In r25914, orte/mca/odls/base/odls_base_open.c, we get
222 /* get the number of local sockets unless we were given a
number */
223 if (0 == orte_default_num_sockets_per_board) {
224
opal_paffinity_base_get_socket_info(&orte_odls_globals.num_sockets);
225 }
226 /* get the number of local processors */
227
opal_paffinity_base_get_processor_info(&orte_odls_globals.num_processors);
228 /* compute the base number of cores/socket, if not given */
229 if (0 == orte_default_num_cores_per_socket) {
230 orte_odls_globals.num_cores_per_socket =
orte_odls_globals.num_processors / orte_odls_globals.num_sockets;
231 }
Well, we execute the branch at line 224, but num_sockets remains 0.

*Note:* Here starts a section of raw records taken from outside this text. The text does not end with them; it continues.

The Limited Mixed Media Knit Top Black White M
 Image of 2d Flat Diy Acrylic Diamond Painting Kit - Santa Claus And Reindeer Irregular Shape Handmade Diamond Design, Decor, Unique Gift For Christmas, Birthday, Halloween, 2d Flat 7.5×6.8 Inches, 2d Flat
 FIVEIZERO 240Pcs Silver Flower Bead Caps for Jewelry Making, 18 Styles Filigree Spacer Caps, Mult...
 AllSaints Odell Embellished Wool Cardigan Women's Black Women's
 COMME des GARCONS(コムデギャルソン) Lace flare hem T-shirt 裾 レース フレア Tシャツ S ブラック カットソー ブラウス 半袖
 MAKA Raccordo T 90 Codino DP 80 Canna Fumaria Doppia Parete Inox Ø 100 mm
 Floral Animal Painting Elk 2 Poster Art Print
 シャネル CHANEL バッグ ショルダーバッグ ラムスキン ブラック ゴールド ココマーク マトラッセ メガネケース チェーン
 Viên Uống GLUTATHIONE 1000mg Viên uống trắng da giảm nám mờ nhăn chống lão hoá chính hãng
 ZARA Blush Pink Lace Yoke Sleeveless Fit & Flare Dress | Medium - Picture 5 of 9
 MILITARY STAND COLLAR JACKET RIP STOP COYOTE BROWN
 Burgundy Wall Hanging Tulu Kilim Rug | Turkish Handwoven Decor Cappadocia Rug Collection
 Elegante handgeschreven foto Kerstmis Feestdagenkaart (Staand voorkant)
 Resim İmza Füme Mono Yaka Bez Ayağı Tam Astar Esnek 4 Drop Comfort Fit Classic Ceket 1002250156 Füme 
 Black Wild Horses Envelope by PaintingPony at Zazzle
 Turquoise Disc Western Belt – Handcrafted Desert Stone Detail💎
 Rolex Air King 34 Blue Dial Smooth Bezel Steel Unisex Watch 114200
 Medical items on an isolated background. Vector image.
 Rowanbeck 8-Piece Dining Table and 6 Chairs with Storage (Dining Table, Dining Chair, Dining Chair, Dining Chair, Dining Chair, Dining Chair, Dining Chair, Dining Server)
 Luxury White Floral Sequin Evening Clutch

This leads to the divide-by-0 at line 230. Digging deeper, the call at
line 224 led us to opal/mca/paffinity/hwloc/paffinity_hwloc_module.c
(lots of stuff left out):
static int module_get_socket_info(int *num_sockets) {
hwloc_topology_t *t = &opal_hwloc_topology;
*num_sockets = (int) hwloc_get_nbobjs_by_type(*t, HWLOC_OBJ_SOCKET);
return OPAL_SUCCESS;
}
Anyhow, SOCKET is somehow an unknown layer, so num_sockets is returning 0.
I can poke around more, but does someone want to advise?